Autism, ADHD, and the Workplace Glass Box
April is Autism Awareness Month, and I find myself thinking a lot about what awareness really means—especially in the places where we spend so much of our time: the workplace.
Being autistic and ADHD in professional spaces often feels like speaking a different language entirely. My mind is rooted in logic and fairness. I care deeply about doing things right—not just the how, but the why. And yet, that doesn’t seem to be the language most workplaces operate in.
It’s not about skill or dedication. It’s about who fits in. Who makes the right kind of small talk. Who knows how to read the invisible cues. It’s a popularity contest, and if you don't play the game, you're left on the outside—no matter how hard you work.
I’ve been told I’m the best of the best at what I do. That no one else has my level of skill, passion, or understanding of the job. And then, in the next breath, I’m told that my people skills are causing problems. That I need to "work on that." That the way I communicate, the way I exist, is somehow an issue.
It’s soul-crushing to pour everything into improving, to mask so intensely you lose sight of where the real “you” even is… only to hear it’s still not enough. I broke down in tears after being told I needed to do better at something I’d been trying so hard to improve. Because I truly believed I had been better. I believed the work was showing.
High-masking, high-functioning—those labels don’t mean we’re doing fine. They just mean we’ve gotten really good at hiding the cracks until we shatter.

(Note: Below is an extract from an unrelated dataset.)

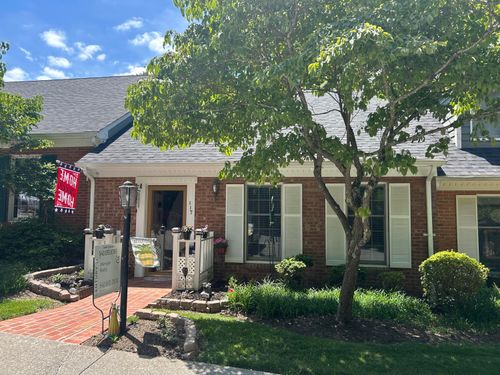 117 Greenbrier Dr, Radford, VA, 24141-3855 | Card Image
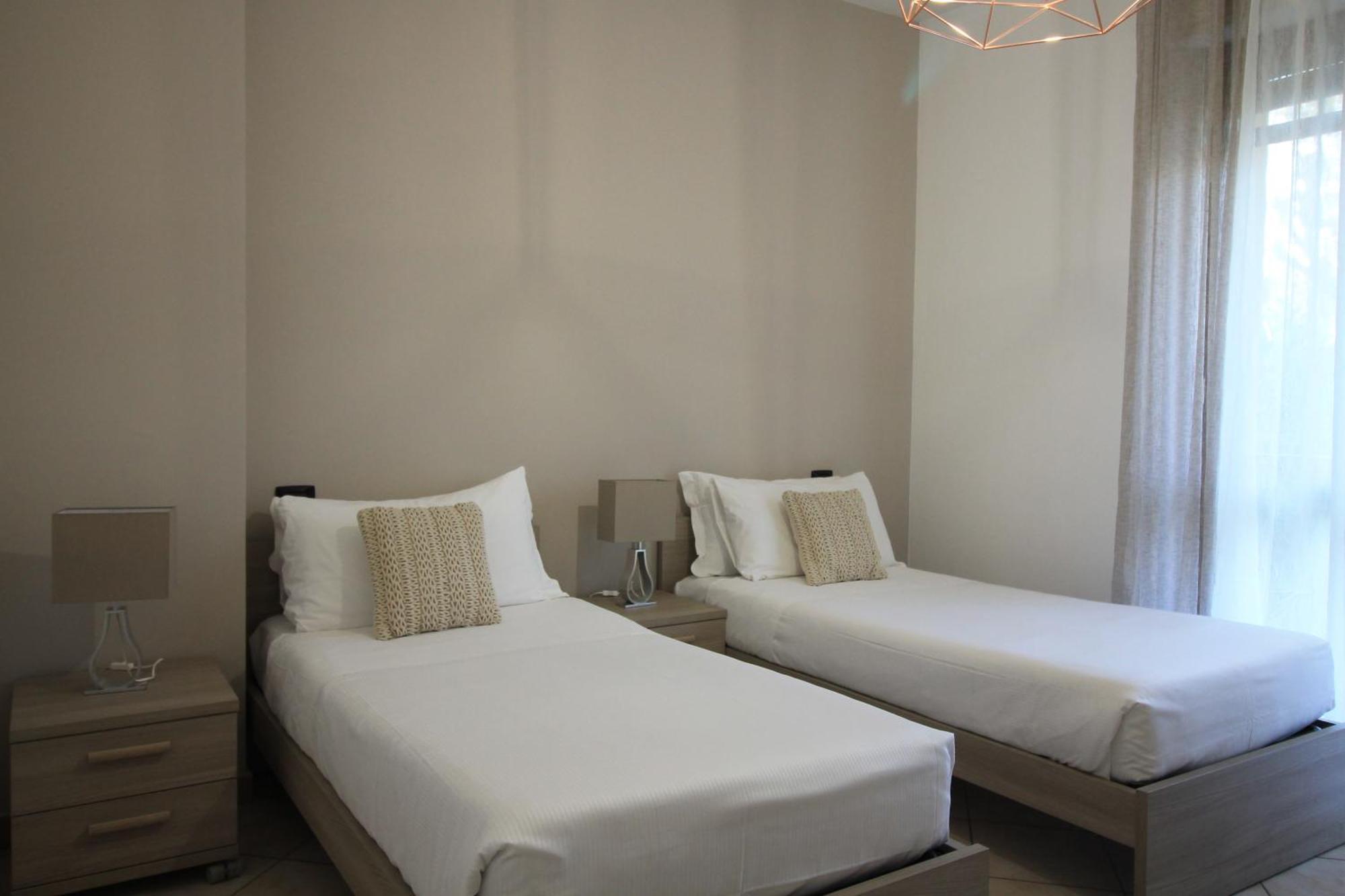 Hq Aparthotel Milano Inn - Smart Suites Cinisello Balsamo Dış mekan fotoğraf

I can’t help but wonder what my life might have looked like if I’d known earlier. If I’d had the language, the support, the understanding. If I hadn’t spent so much time thinking something was wrong with me.

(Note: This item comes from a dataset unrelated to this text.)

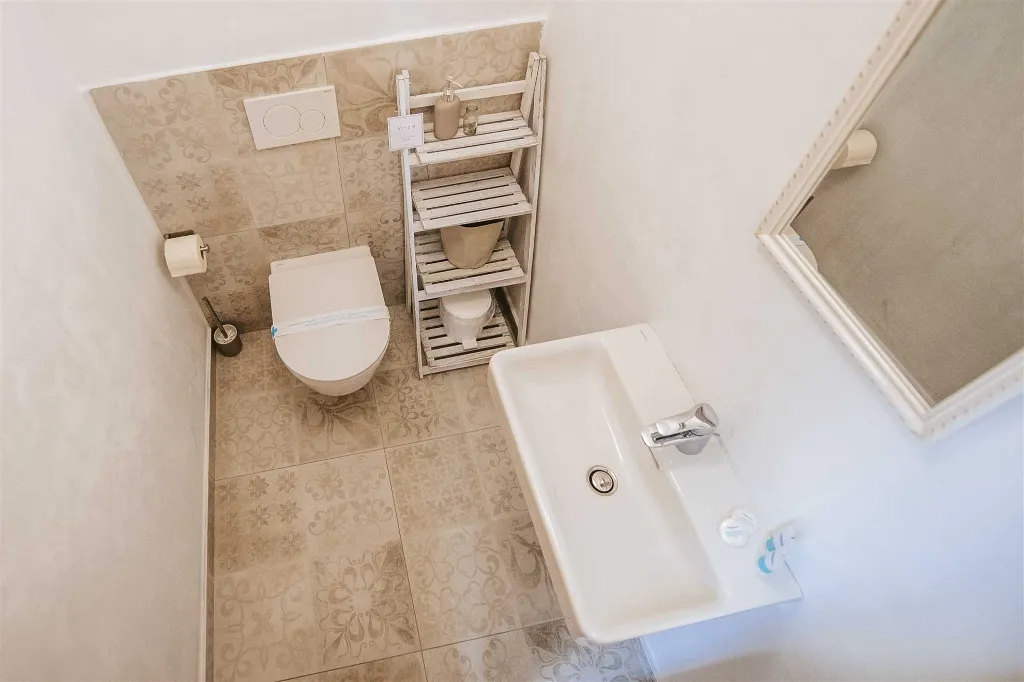 5-Bedroom Villa for Up to 10 Guests in Zadar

Sometimes it feels like I’m in a glass box—watching everyone else interact, connect, belong—while I press my hands to the walls, just trying to feel welcome. I give everything I have, and yet I’m still on the outside because of things I can’t control.
It's not just frustrating. It's exhausting. Physically, emotionally, completely.
So if you’ve ever felt that too—like you’re navigating a system that wasn’t designed with you in mind—I see you. Awareness is the first step, but it can’t stop there. Real change starts with acceptance, with compassion, and with space for all minds to be seen and valued.